I said in my last post that, to a first approximation, if you want to consume value you need to produce some value first.
Of course some people can not manage to create enough value for others in order to get the things we collectively think they should have. Through some linear combination of factors which are their fault and those that aren't, they do not produce enough value to account for the value they want to consume.
We tend to spend a lot of energy arguing about how to get those people those valuable things and how much value they should get. I think that skips right over the real questions: why can't they create value on their own? On the implementation side: how can we help them create more value?
That's the way things ought to be framed, not just for this pension debate, but for minimum wage and health care and all sorts of other things. It's one thing to say "this guy is only creating $6/hr worth of wealth, but we want to make the minimum wage $10: good idea or bad idea?" It's another to ask why an hour of his time is only worth six bucks. How can he or we make sixty minutes of his time more productive?
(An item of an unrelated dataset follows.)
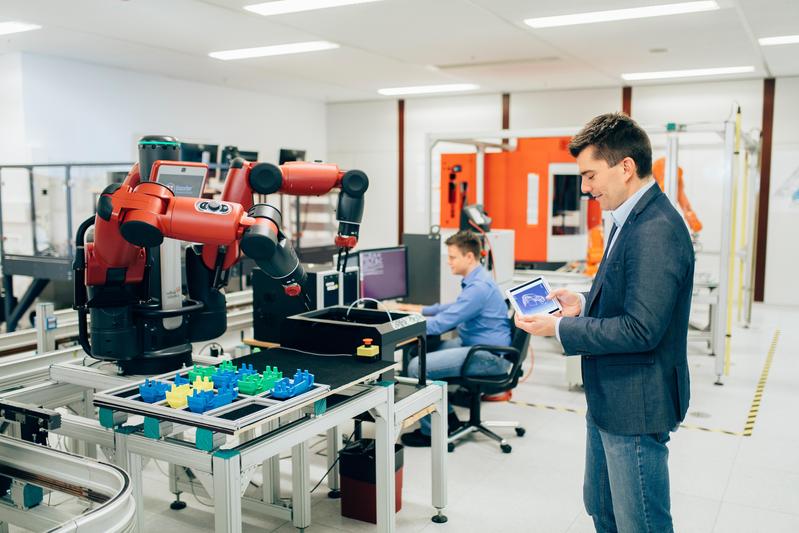 Mit der VDI-Mechatroniktagung am 27. und 28. März findet erstmals die größte Mechatronik-Fachkonferenz des deutschsprachigen Raumes im Heinz Nixdorf Institut in Paderborn statt.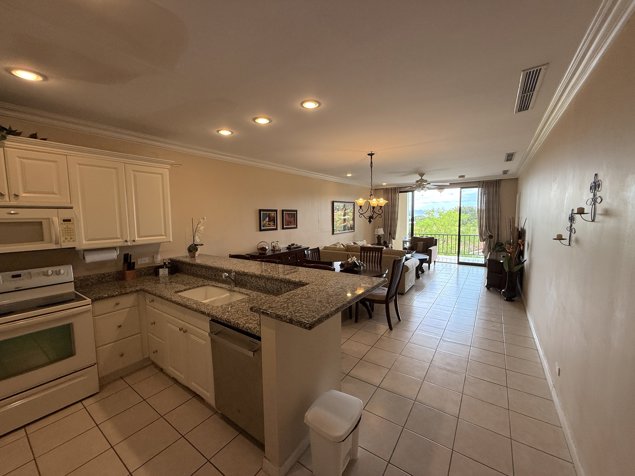 Apartamento en venta Playas del Coco, Pacifico in Sardinal, Carrillo, Guanacaste — $440,000 - Photo 2 of 14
Then there's the related issue: we don't really care how many dollars this guy takes home, we care about what he can get for them. So trying to artificially raise his salary not only ignores his actual production of resources by masking signals, it ignores the consumption of resources that's the goal. Question Two needs to be: how can we get people the things they want while using up the less valuable resources? Trying to drive down the cost of consumption goods has the same moral goal as trying to drive up the value of labor.